-
Notifications
You must be signed in to change notification settings - Fork 1.3k
Feature: Browser Action Recording & Intelligent Replay #285
Description
Summary
Proposing a behavior recording and intelligent replay feature for Page Agent Extension. This allows users to:
- Record browser interactions (clicks, typing, navigation, tab management, etc.) as structured step sequences
- Replay recorded workflows with LLM-guided adaptive execution — the agent reads the recorded plan + observes the actual page state → smart execution that adapts to UI changes
- Parameterize recorded values (e.g., search keywords, form inputs) for reuse with different data
- Modify workflows via natural language instructions before replay
Motivation
Currently, Page Agent requires users to describe tasks from scratch every time via natural language. For repetitive workflows (e.g., "search Bilibili for a keyword and play the first video", "fill out a daily report form"), this is inefficient.
A recording capability lets users demonstrate once, replay many times — with the added intelligence of LLM-guided execution that adapts to page changes (unlike brittle DOM-index-based replay).
Design Highlights
Recording Format (~10 tokens/step for LLM consumption)
- Semantic element descriptors: text > ariaLabel > role > placeholder > selector (multi-signal, not fragile DOM indices)
- Compact LLM format:
[1] click "搜索" (input role="search") @bilibili.com - Parameterization:
[PARAM:searchKeyword]markers on editable values
Replay Architecture (Zero changes to PageAgentCore)

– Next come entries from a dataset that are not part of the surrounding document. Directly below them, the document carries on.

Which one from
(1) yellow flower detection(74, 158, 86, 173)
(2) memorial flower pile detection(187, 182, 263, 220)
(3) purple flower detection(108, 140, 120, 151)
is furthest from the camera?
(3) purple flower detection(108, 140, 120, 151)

- Recording → compact plan injected via
config.systemInstruction - LLM reads plan + observes actual page → adaptive execution
- Handles UI changes, dynamic content, timing differences automatically
- Parameter overrides + natural language modification before replay
Recording Engine
- Content script captures: click, input (debounced), select, scroll, keypress, navigation
- Background script aggregates multi-tab events (tab create/activate/close/navigate)
- Shadow DOM, contenteditable, file upload support
- Service Worker restart recovery via
chrome.storage.session
UI Components
- ⏺ Record button in header — start/stop recording
- 🎬 Recording list — browse, delete, replay saved recordings
- Recording detail — edit name/description, parameter editor, NL modification input, step viewer, JSON export, replay trigger
- Recording indicator — live step count during recording
- i18n — Chinese (zh-CN) and English (en-US) support
Files Changed
| Category | Files | Description |
|---|---|---|
| Types & Storage | recording-types.ts, db.ts |
Core types, IndexedDB v2 with recordings store |
| Recording Engine | EventRecorder.content.ts, EventRecorder.background.ts |
Content script event capture + background aggregation |
| Recording Hook | useRecording.ts |
React hook for recording state management |
| Replay Engine | RecordingReplayAgent.ts, replay_prompt.md |
Recording → task+systemInstruction conversion |
| UI Components | RecordingIndicator.tsx, RecordingStepCard.tsx, RecordingList.tsx, RecordingDetail.tsx, ParamEditor.tsx |
Full recording/replay UI |
| Integration | App.tsx, content.ts, background.ts, wxt.config.js |
Routing, initialization, permissions |
| i18n | i18n.ts |
Lightweight zh-CN/en-US translation system |
Total: 12 new files, 5 modified files, +2483 lines
Example: Recording a Bilibili Video Search
Recording: "Search and play video on Bilibili" (5 steps, ~150 tokens)
[1] click search input (placeholder="搜索") @bilibili.com
[2] type "TypeScript教程" → search input [PARAM:searchKeyword]
[3] press Enter → search input
[4] click "TypeScript 从零开始完整教程" (link) in search results
[5] click "播放" button (aria-label="播放") in video player controls
Users can then replay with different searchKeyword values, or add NL modifications like "skip step 5, I don't need to click play".
Related PR
A complete implementation is provided in the accompanying PR.